II. RÉPONDRE À L'URGENCE SÉCURITAIRE

A. ENCOURAGER LA PRÉVENTION DE LA DÉLINQUANCE

1. Faute de réponse adaptée des pouvoirs publics, la prévention de la délinquance ne saurait être laissée aux citoyens

La répétition ininterrompue des violences au sein de l'île a conduit les Mahorais à exprimer leur lassitude dans le cadre d'un mouvement social d'ampleur aux mois de février et mars 2018. Grève générale et opération « île morte » avaient à l'époque attiré l'attention sur le mal-être des Mahorais.

Le mouvement social du printemps 2018

À la suite de violences, et notamment de caillassages entre bandes rivales en janvier et février 2018 au lycée de Kahani, des enseignants puis des conducteurs de bus scolaires exercent leur droit de retrait les 7 et 8 février 2018 dans le contexte de manifestations de plus en plus nombreuses.

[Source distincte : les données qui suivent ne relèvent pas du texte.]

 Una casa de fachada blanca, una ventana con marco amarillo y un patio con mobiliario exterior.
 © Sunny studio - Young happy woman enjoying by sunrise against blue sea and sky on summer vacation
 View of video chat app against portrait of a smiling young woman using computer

Réclamant une lutte plus énergique contre l'insécurité et, plus généralement, un rapprochement des conditions de vie des Mahorais de celles ayant cours dans l'Hexagone, le mouvement de contestation s'amplifie jusqu'à prendre la forme de grèves à partir du 20 février 2018. Le mouvement se mue ensuite en grève générale, les élus départementaux et municipaux affichant leur soutien au mouvement le 5 mars 2018 en annonçant que leurs services demeureraient fermés à compter du lendemain.

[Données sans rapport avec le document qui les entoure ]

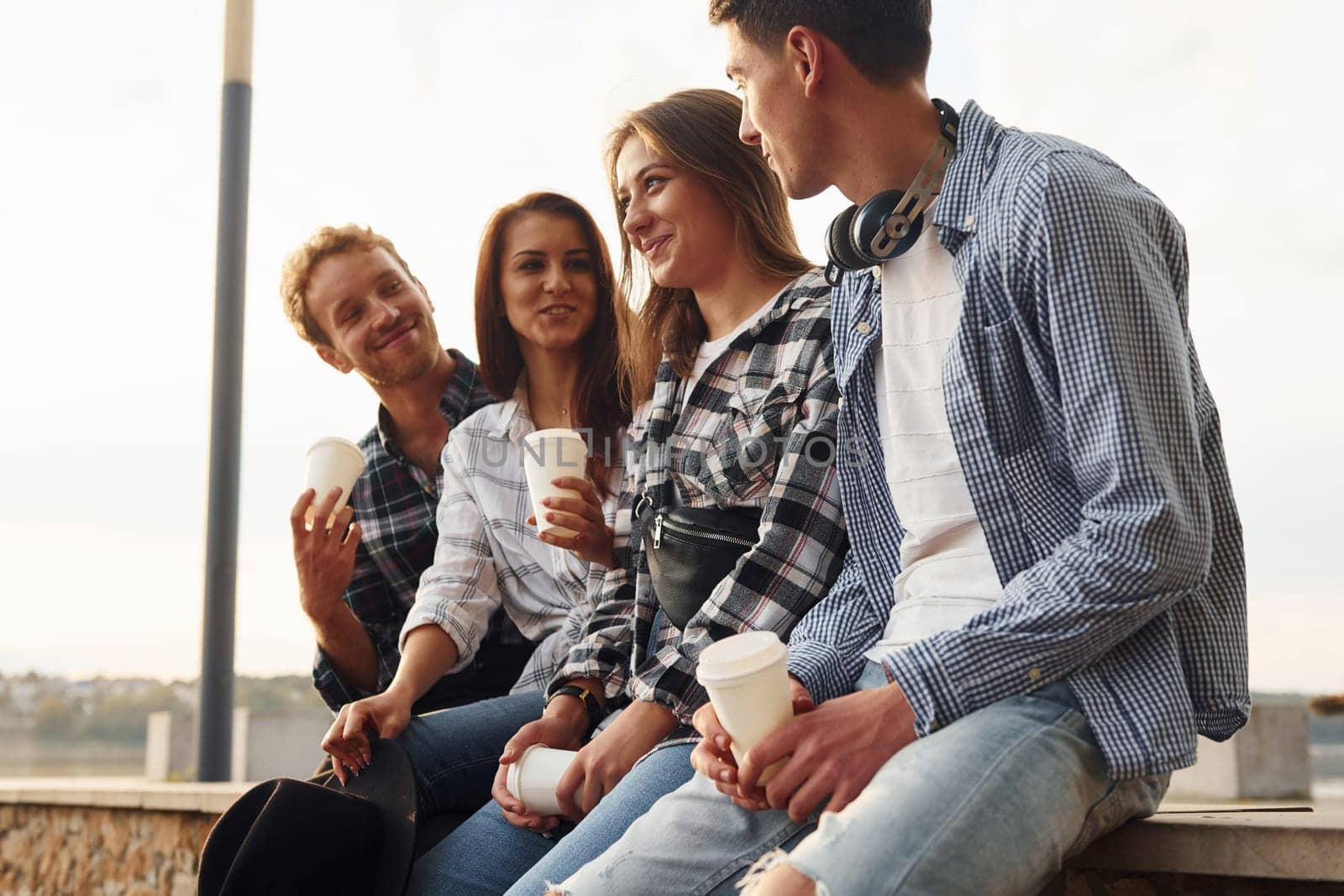 Sunny weather. Drinking coffee. Group of young cheerful friends that is outdoors having fun together.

La constitution de barrages routiers et les appels à des opérations « île morte » conduisent progressivement le territoire à l'arrêt. Face à la gravité de la situation, la ministre des outre-mer, alors Annick Girardin, se déplace, « mandatée par le Président de la République », à Mayotte le 12 mars 2018. Le préfet Frédéric Veaux est remplacé par Dominique Sorain, jusqu'alors directeur de cabinet de la ministre, chargé au surplus d'animer en tant que délégué du Gouvernement une équipe interministérielle chargée de proposer des solutions à la crise.

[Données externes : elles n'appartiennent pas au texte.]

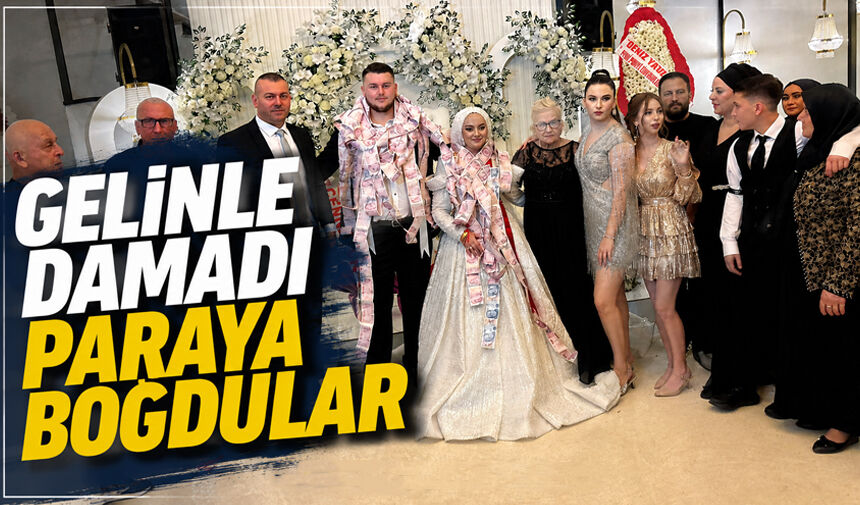 Gelinle damadı paraya boğdular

Alors que les barrages, qui rendaient pratiquement impossible toute vie économique sur l'île, sont progressivement levés au début du mois d'avril 2018, le Premier ministre Édouard Philippe reçoit les élus mahorais et annonce le 19 avril un « plan pour l'avenir » de Mayotte, dont les contours sont détaillés par la ministre Annick Girardin le 15 mai 2018 à Mayotte, prévoyant notamment la création d'une agence régionale de santé (ARS) de plein exercice et l'augmentation des moyens alloués aux forces de l'ordre et à la lutte contre l'immigration illégale.

À la suite de ce mouvement social d'ampleur, des groupes d'auto-défense visant à prévenir les actes de délinquance se sont constitués , généralement regroupés sous la dénomination de « gilets jaunes ». Ces groupes d'auto-défense, qui réapparaissent régulièrement dans l'actualité mahoraise, constituent une réponse spontanée au sentiment d'abandon par les pouvoirs publics ressenti par des Mahorais à bout de patience.

Pour compréhensibles qu'elles soient, ces initiatives n'en sont pas moins problématiques . En premier lieu, elles remettent en cause la légitimité des seuls pouvoirs publics à intervenir dans un État de droit pour faire cesser les atteintes à l'ordre public, et contribuent à nourrir le sentiment que les forces de l'ordre ne seraient pas en mesure d'assurer leurs missions. Une telle situation n'est évidemment pas acceptable.

En second lieu, elles peuvent compliquer le travail concret des forces de l'ordre . En effet, les agissements de tels groupes, y compris en riposte à des agressions, peuvent se traduire par la commission d'infractions 51 ( * ) . D'une part, ils contribuent ce faisant à un phénomène d'escalade, qui se traduit par une surcharge de travail pour les forces de l'ordre . D'autre part, il peut être mal compris par l'opinion qu'une personne qu'elle perçoit comme victime fasse l'objet de l'attention des forces de l'ordre au même titre qu'une personne qu'elle perçoit comme agresseur.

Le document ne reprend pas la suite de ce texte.